Start of STORED DATA

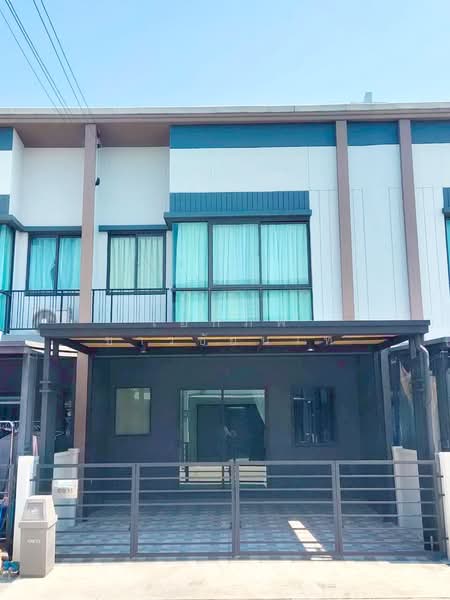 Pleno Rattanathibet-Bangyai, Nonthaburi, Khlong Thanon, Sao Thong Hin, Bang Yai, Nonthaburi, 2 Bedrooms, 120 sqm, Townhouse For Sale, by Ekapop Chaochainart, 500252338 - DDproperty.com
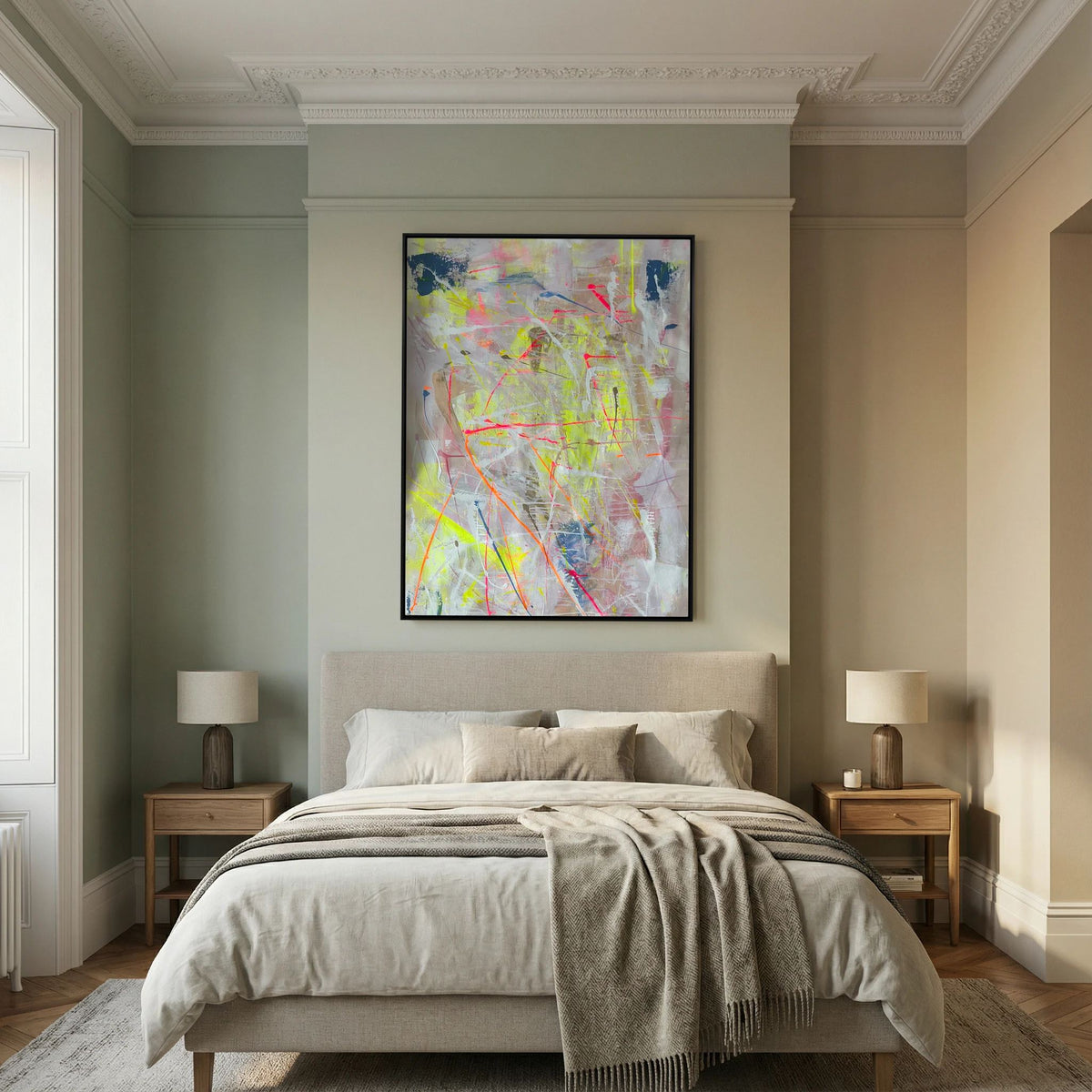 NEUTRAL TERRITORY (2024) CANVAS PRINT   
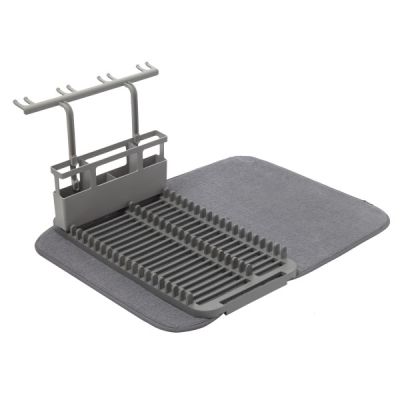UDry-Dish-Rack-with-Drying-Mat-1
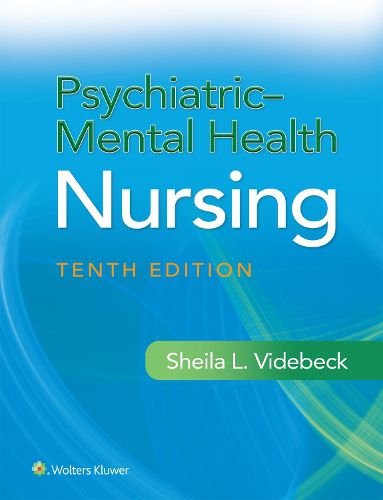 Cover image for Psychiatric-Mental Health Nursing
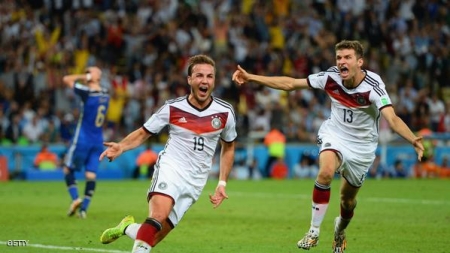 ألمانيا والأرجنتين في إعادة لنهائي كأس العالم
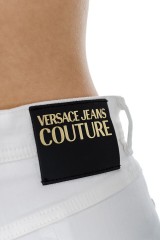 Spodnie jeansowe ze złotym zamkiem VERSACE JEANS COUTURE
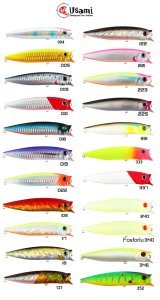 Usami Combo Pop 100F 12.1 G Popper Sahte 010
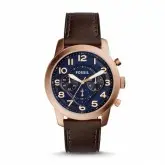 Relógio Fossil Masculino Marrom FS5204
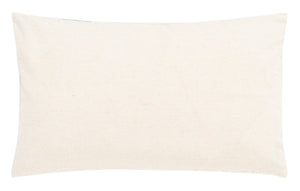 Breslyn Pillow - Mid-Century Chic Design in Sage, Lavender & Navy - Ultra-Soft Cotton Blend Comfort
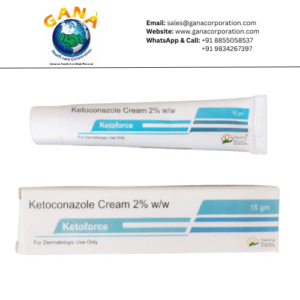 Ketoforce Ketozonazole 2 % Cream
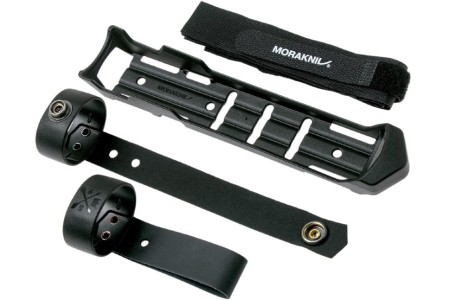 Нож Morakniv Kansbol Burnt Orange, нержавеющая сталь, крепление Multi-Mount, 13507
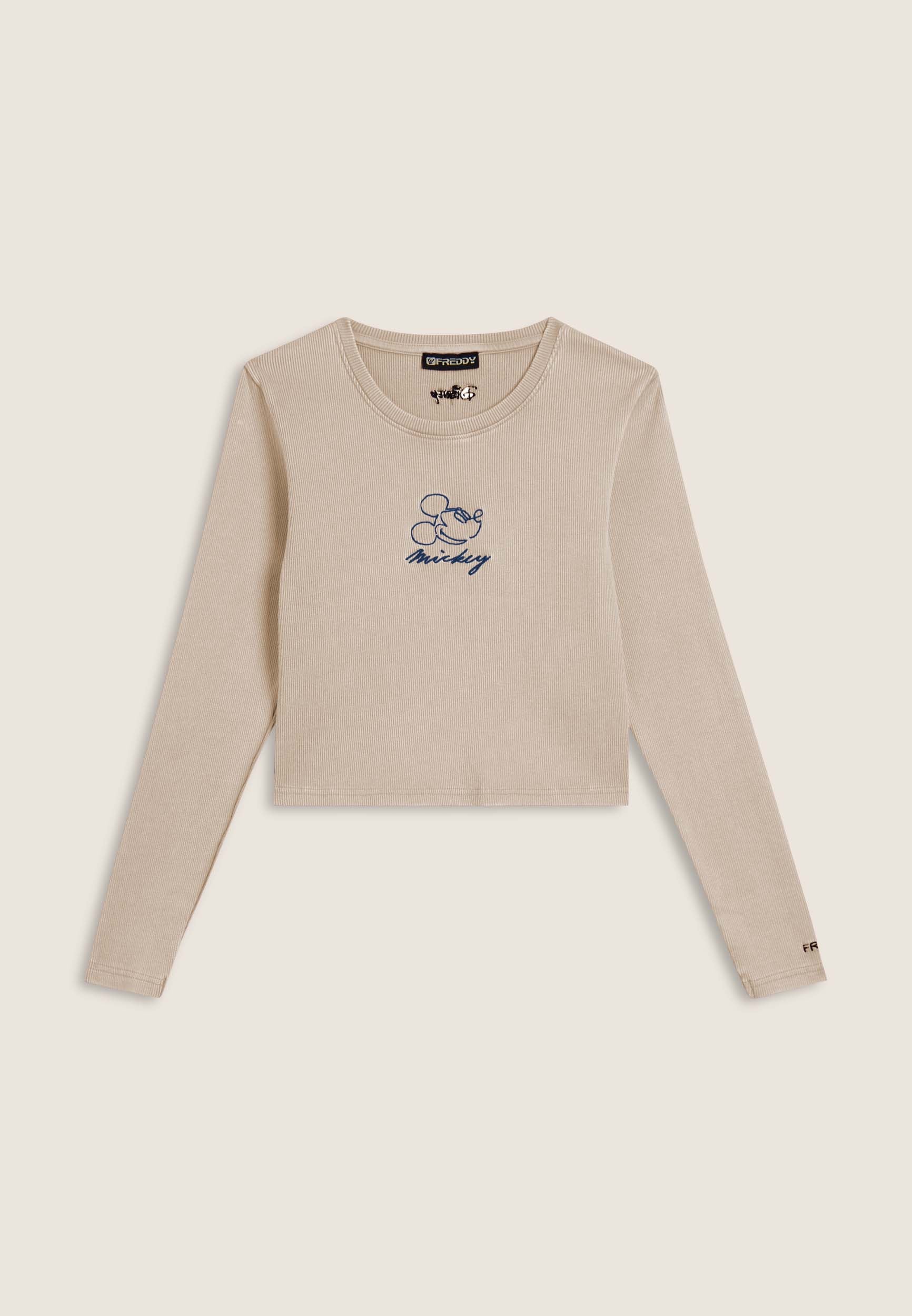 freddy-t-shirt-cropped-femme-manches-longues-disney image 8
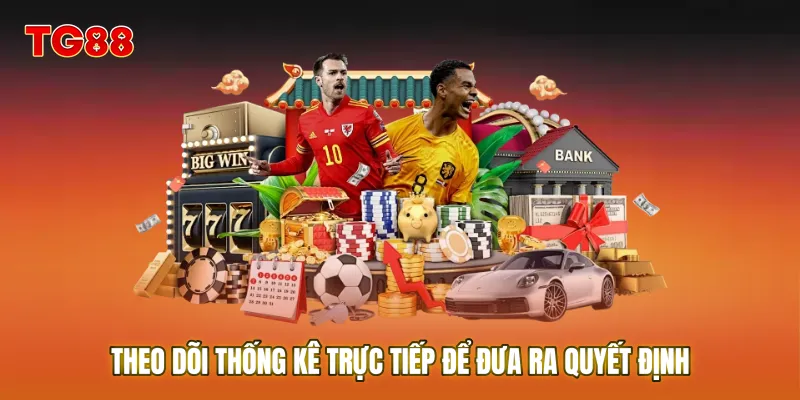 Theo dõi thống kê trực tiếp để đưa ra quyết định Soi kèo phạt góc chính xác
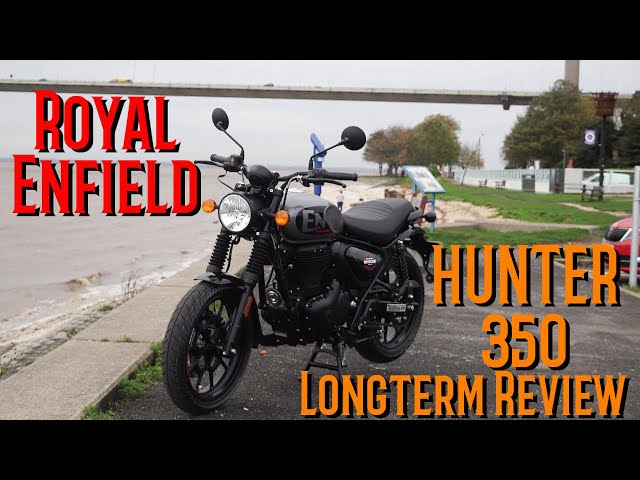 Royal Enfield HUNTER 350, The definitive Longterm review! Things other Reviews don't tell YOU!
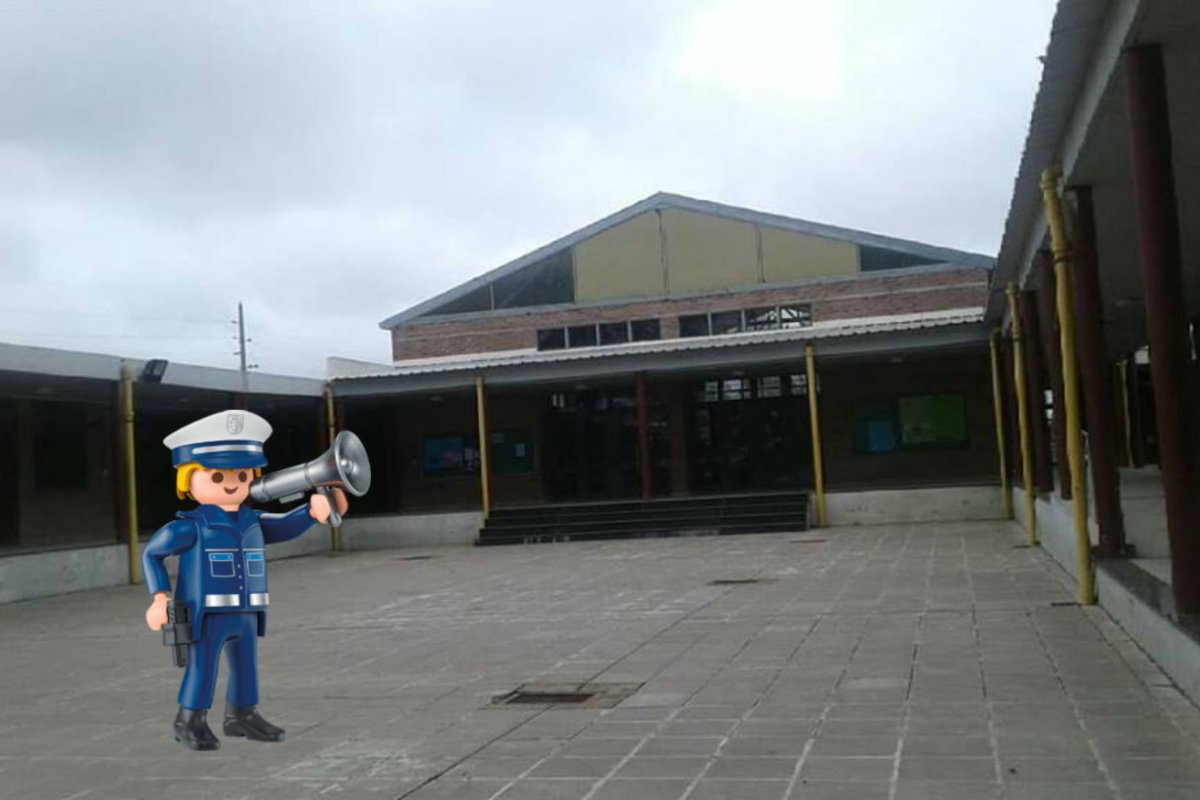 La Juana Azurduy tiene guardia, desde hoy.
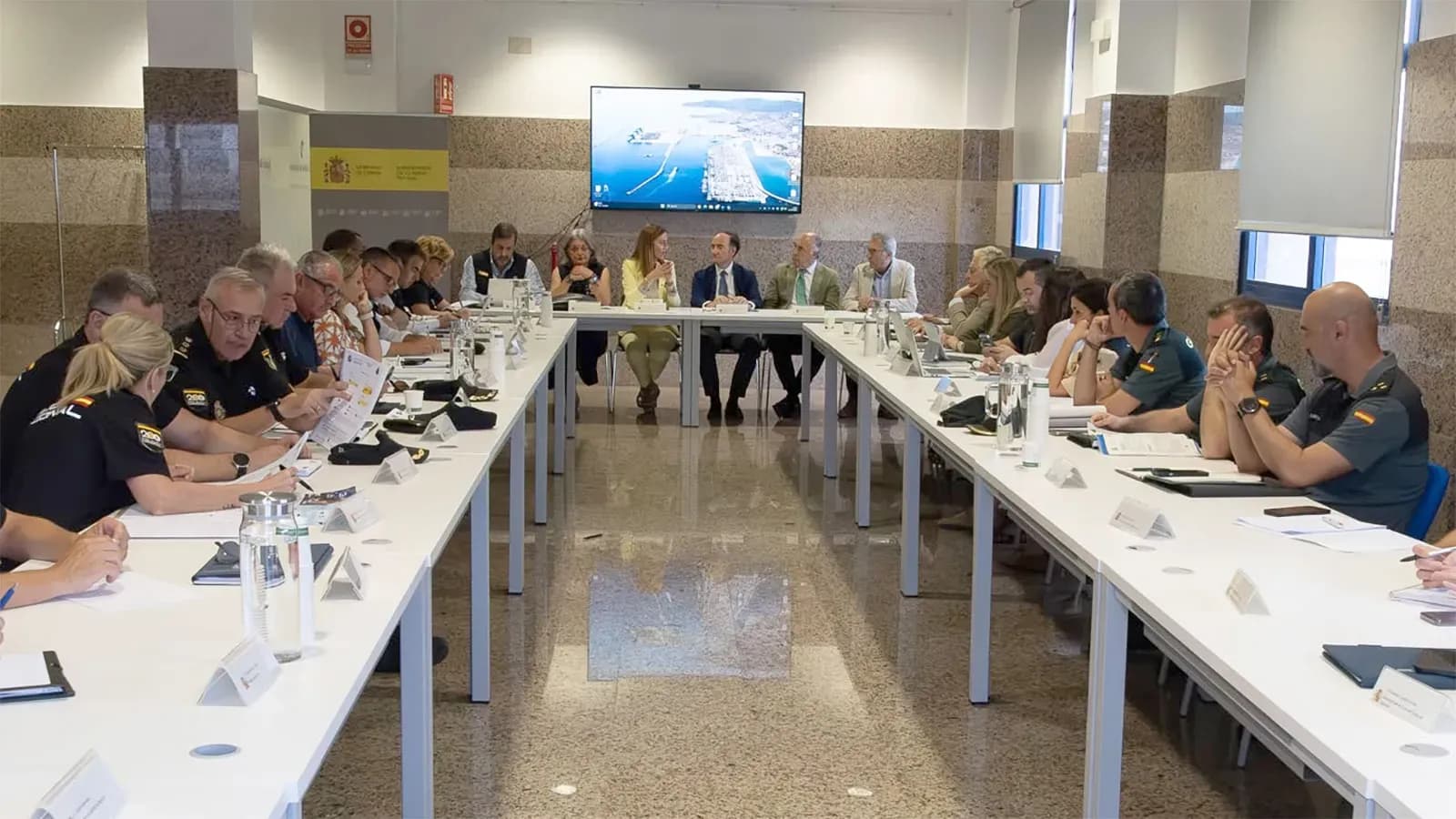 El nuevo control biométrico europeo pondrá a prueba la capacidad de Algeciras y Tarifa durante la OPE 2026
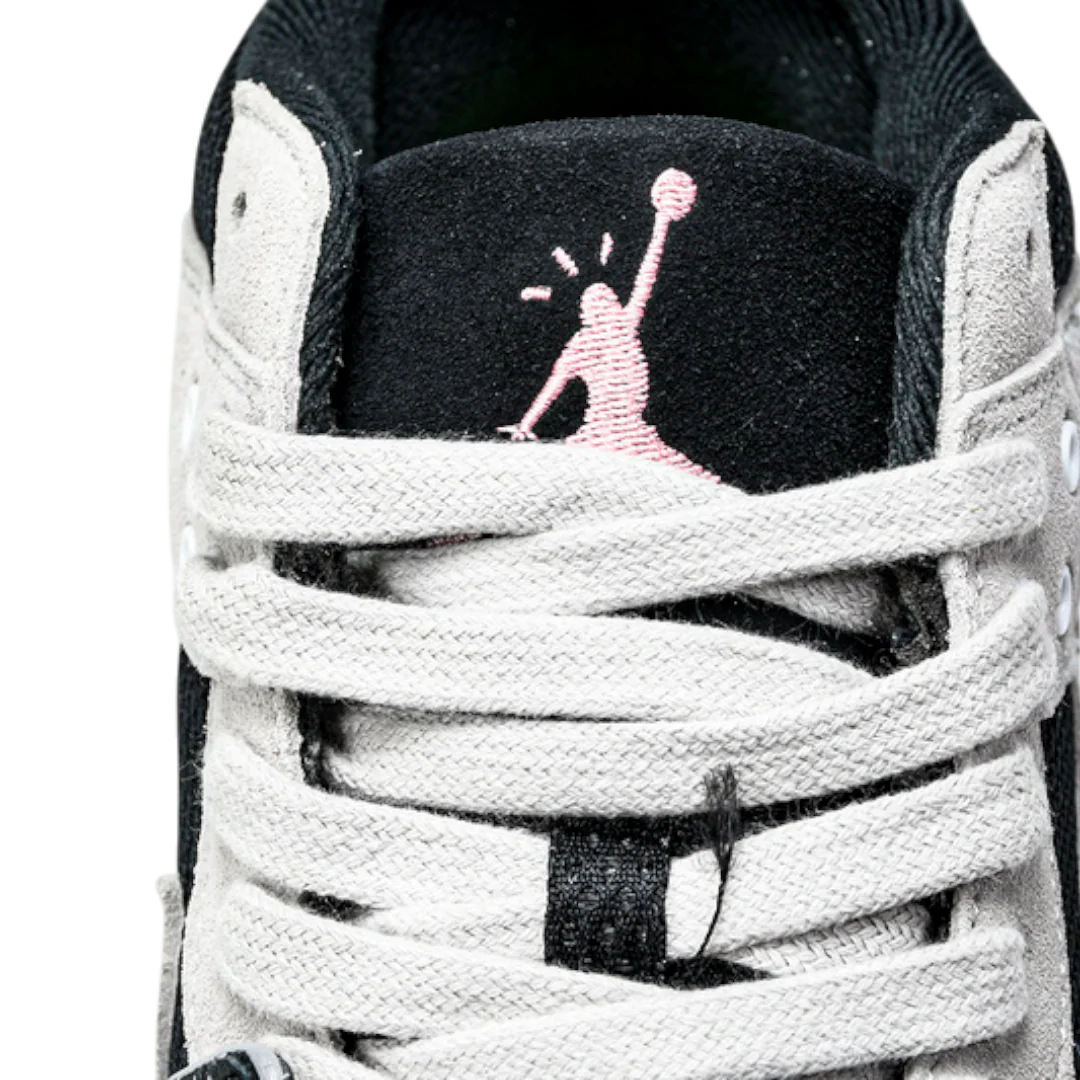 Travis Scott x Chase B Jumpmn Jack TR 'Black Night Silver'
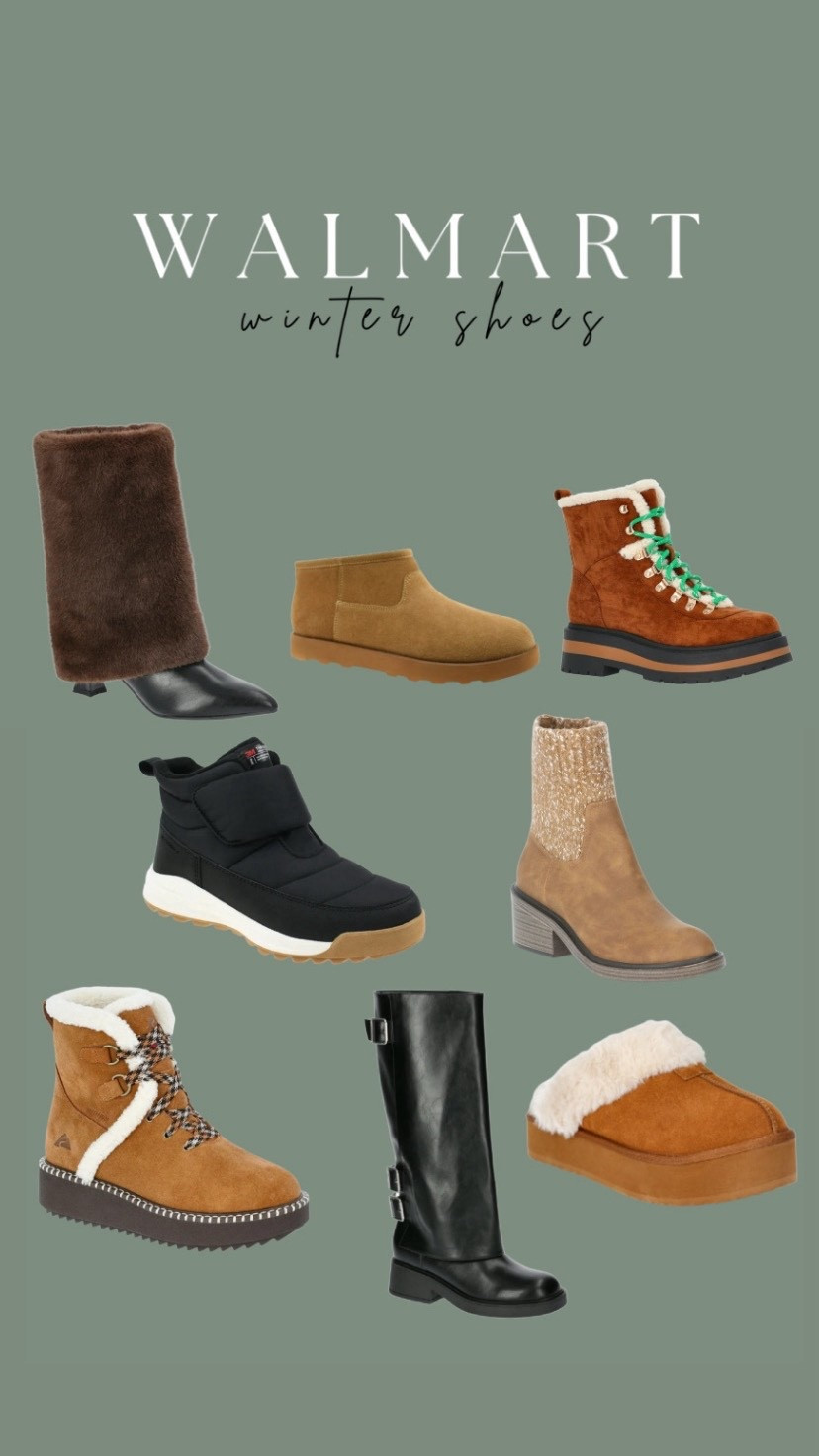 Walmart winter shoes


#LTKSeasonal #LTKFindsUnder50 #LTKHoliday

End of STORED DATA

| WORK INSTRUCTIONS |
Find the line that has "Travis Scott x" in the listing, then retype it and each later line up to the last, exactly. Leave pictures out.

| RESULT OF THIS EXERCISE |
 Travis Scott x Chase B Jumpmn Jack TR 'Black Night Silver'
 Walmart winter shoes


#LTKSeasonal #LTKFindsUnder50 #LTKHoliday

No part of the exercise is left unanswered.